The invention discloses a visual inspection and water surface target tracking system based on an USV (unmanned surface vessel), comprising a command center, an unmanned surface vessel, and an exploration system. The command center is a control terminal of the unmanned surface vessel, and is connected with the unmanned surface vessel in a communication manner, and sends instructions to the unmanned surface vessel. The unmanned surface vessel receives information sent by the exploration system, and completes tasks of tracking water surface targets through a navigation system. The exploration system detects target objects on a water surface and locates to obtain position coordinates thereof, and sends information to the unmanned surface vessel, and waits for next step commands of the command center. The exploration system is integrated with a pan tilt camera and a millimeter-wave radar. Two kinds of sensors of the pan tilt camera and the millimeter-wave radar are used in the system to locate positions of targets on the water surface, so detection tracking results are more accurate, detection efficiency is improved, manpower and financial resources are greatly saved, and the system has wide market prospect.

Description

Based on the vision-based detection of USV and waterborne target tracing system and detect method for tracing
Technical field
The present invention relates to unmanned water surface ship airmanship, be specifically related to based on the vision-based detection of USV and waterborne target tracing system and detect method for tracing.
Background technology
Unmanned water surface ship (UnmannedSurfaceVessel is called for short USV), is recently emerging offshore work platform, can completes autonomous exploration target according to artificial setting program, keeps away the tasks such as barrier, search and rescue.Take place frequently in the perils of the sea at present and the fast development of naval equipment with under practical impact, various countries more and more pay attention to institute's control marine site internal object monitoring management, and this makes the automatic target recognition technology on sea obtain develop rapidly.Along with Activities of Ocean is more and more frequent and the perils of the sea is multiple, each coastal zone country particularly focuses on offshore activities monitoring, and the task with traditional of each coastal zone country of the world is especially searched in the scene of the accident of naval target particularly behind the detection of boats and ships and supervision and the perils of the sea.Target image is detected from the visual pattern such as naval vessel, ship, to in the supervision of the monitoring at the scene of the accident, bay, marine site, harbour and sea transport, fishing and military war, the useful information that further extraction is a large amount of, differentiates that there is application prospect very widely at dangerous place etc.

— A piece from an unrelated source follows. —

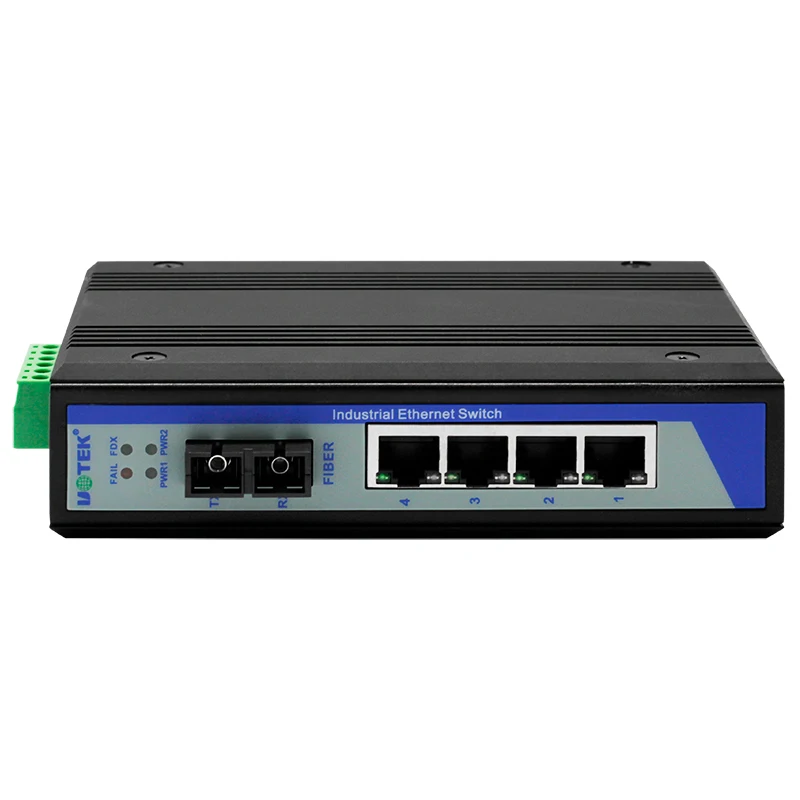 

UOTEK 10/100M 4-портовый медиаконвертер Высококачественный Ethernet-коммутатор Неуправляемый с защитой от перегрузки Разъем UT-2574 SC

In the epoch that current intelligent high speed develops, maritime safety management and military strategy also move towards high-intelligentization gradually.Unmanned water surface ship is as a novel marine intelligent body, there is the features such as independence, reactivity, adaptability, comparatively some aerial and unmanned ground vehicles such as unmanned plane develop more late, mainly affected by two aspect factors, one is that maritime environment changes greatly, and light affects the environmental factors such as large by water-reflected; Two is that waterborne target is general comparatively near, higher to the requirement of vision system sensor.Independently can identify accurately and judge that object in its operating environment or barrier are one of main tasks of unmanned water surface ship, therefore have higher intelligent requirements to its vision and disposal system.Unmanned water surface ship carries out close-in target or the main view-based access control model system of obstacle recognition, and therefore, the identification of research unmanned boat waterborne target, measurement and tracking have very great meaning.
In existing technology, for moving object detection and tracking in complicated dynamic scene, the method for usual indirect labor's search detects specific moving target, and realizes moving target tracking in the picture with track algorithm, this belongs to a kind of half autonomous guidance mode, therefore has certain limitation.
Summary of the invention
Goal of the invention: the object of the invention is to solve the deficiencies in the prior art, provides based on the vision-based detection of USV and waterborne target tracing system and detects method for tracing.
Technical scheme: a kind of vision-based detection based on USV of the present invention and waterborne target tracing system, comprise command centre, unmanned surface vehicle and investigation system; Described command centre is the control terminal of unmanned surface vehicle, and water is ordered and to be communicated to connect between unmanned boat and to send instruction to unmanned surface vehicle; Described unmanned surface vehicle receives the information sent from investigation system, and completes tracking waterborne target task by navigational system; Described investigation system detects the target object on the water surface and locates knows its position coordinates, and information is sent to unmanned surface vehicle, waits for next step instruction of command centre simultaneously; Investigation system is integrated with monopod video camera and millimetre-wave radar.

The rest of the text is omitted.